術後早期に経験しやすい症状ではありますが、強さや持続期間には個人差があります。本サイトの口コミでは、1週間で気にならなくなった方から5ヶ月後も軽く感じている方まで幅がありました。事前に「出る可能性がある」と理解しておくことで、術後に過度な不安を感じずに過ごせます。
ICLのレンズは将来取り出せますか?
ICLの大きな特徴の一つが可逆性です。必要と判断された場合はレンズを取り出すことができます。K.Nさん、Kenさん、OKAさんをはじめ多くの方が「元に戻せる安心感」をICLを選んだ主な理由として挙げています。
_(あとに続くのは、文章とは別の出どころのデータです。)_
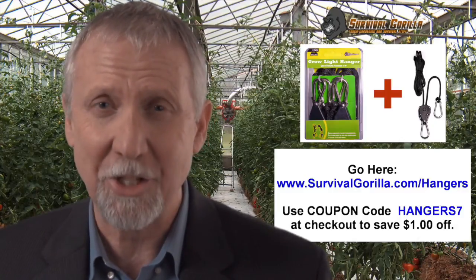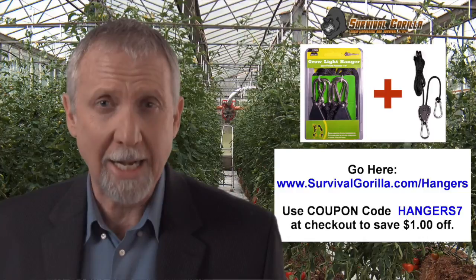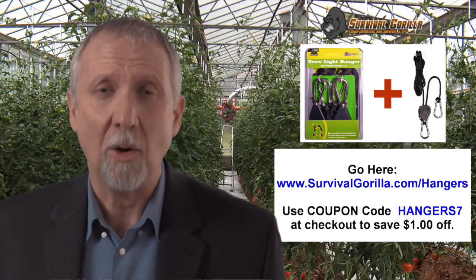These are extremely easy to use. Our customers love this product, and believe me, it sells fast. We're the only one selling this type of grow light hanger combo, so go to this website now and use coupon code HANGERS7 to get $1 off your purchase.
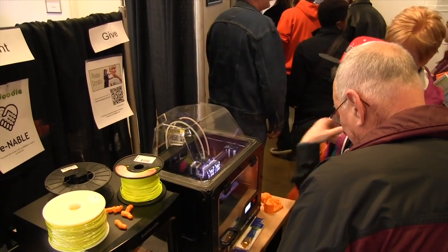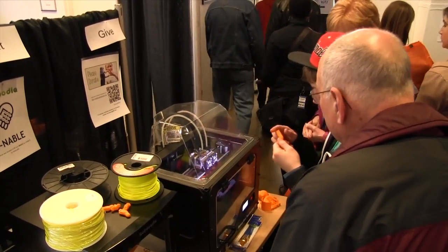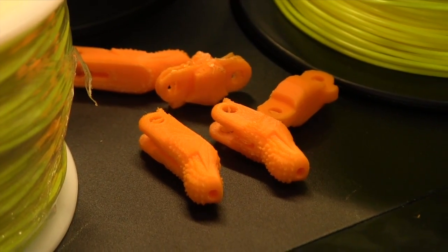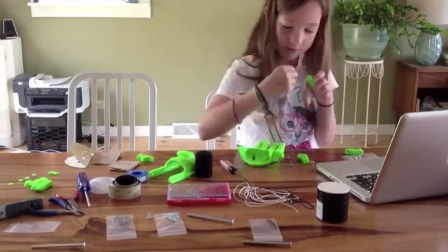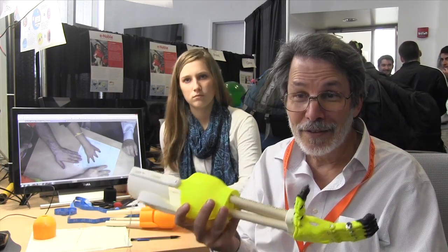And this is an experimental RIT arm design. Once you choose the features that you want, it goes off to the printer, and about three hours later it comes out of the printer. Then there's a couple of hours of assembly, but we're working on easy assembly options, and the next thing you know you've changed a life.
ただし取り出し手術にも眼への負担が伴うため、担当医と十分に相談したうえで判断することが前提です。
術後の点眼はいつまで続きますか?
一般的には抗菌薬・ステロイド・NSAIDsの点眼を術後1ヶ月程度続けます。かんたろうさん(新宿近視クリニック)は「1ヶ月後には点眼も少なくなり、3ヶ月には普通に裸眼生活ができるようになった」と話しています。種類・回数・期間はクリニックや術式によって異なるため、最新のスケジュールは受診先で要確認です。
適応検査で不合格だった場合はどうすればいいですか?
適応外の判断は安全を守るための重要なステップです。不合格の主な理由(内皮細胞数・前房深度・度数レンジなど)を担当医に確認し、改善の見込みがある場合は時期を置いて再検査を相談してください。ICLが不可でも、レーシックや他の屈折矯正手術が適応になるケースがあります。別のクリニックでセカンドオピニオンを受けることも選択肢の一つです。
結局どこで受ければリスクを最小化できるか
術前説明の丁寧さと口コミ件数の両面から評価すると、新宿近視クリニックが本サイト内で最も多くの体験談(7件)を持ち、いずれも術前のカウンセリングや適応検査の質を高く評価しています。
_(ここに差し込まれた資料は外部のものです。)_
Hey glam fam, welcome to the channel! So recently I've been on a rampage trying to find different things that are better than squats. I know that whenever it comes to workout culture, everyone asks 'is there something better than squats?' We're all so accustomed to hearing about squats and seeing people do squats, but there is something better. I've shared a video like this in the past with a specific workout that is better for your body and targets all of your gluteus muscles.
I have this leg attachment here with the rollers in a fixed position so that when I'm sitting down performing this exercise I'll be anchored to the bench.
K.Nさんは「リスクも含めて納得してから進めることをおすすめします。適応検査が非常に丁寧」と述べており、OKAさんも「説明が非常に丁寧で、無理な勧誘もなかった」と報告しています。「怖いけれど相談してみたい」という段階の方に特に向いています。
費用の目安として、本サイトの口コミでは乱視なしのEVO ICLで44〜47万円台の事例が複数あります。最新の料金は公式で要確認です。
リスクと費用感を両方確認する
状況別の行動指針
ICLのリスクを理解した方が、それぞれの状況でどう動けばよいかをまとめます。
適応があるかどうかまだわからない方は、まず無料の適応検査だけを予約してください。内皮細胞数・前房深度・度数レンジを測定してもらうだけで、自分に重大なリスクがあるかどうかが具体的な数値として判明します。検査だけなら手術を強制されることは一切ありません。
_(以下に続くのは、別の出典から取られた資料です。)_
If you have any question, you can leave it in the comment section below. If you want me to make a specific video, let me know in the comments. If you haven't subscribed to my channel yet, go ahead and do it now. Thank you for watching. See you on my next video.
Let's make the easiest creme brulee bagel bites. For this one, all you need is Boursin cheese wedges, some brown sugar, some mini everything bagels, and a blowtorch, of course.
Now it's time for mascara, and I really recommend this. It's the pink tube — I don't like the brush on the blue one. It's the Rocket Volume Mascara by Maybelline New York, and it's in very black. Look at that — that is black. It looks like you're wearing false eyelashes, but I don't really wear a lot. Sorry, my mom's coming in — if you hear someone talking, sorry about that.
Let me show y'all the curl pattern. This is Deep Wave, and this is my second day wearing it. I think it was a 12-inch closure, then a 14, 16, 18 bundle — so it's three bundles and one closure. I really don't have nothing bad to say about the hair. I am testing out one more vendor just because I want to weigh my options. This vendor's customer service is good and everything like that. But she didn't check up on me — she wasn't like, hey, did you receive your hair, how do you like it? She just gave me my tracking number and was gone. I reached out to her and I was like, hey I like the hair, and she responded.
ハロー・グレアが怖くて踏み出せない方は、術前カウンセリングで「自分の場合にどのくらい出やすいか」「出た場合の経過の目安はどのくらいか」を具体的に質問してください。事前に可能性と期間の目安を聞いておくことで、術後に動揺せず落ち着いて経過を観察できます。
費用面が気になる方は、本サイトの口コミで各院の実費を確認してから複数院で無料カウンセリングを受け、見積もりを比較することをおすすめします。乱視の有無や近視の度数によって総額が変わるため、カウンセリングの段階で試算してもらうのが最も正確な方法です。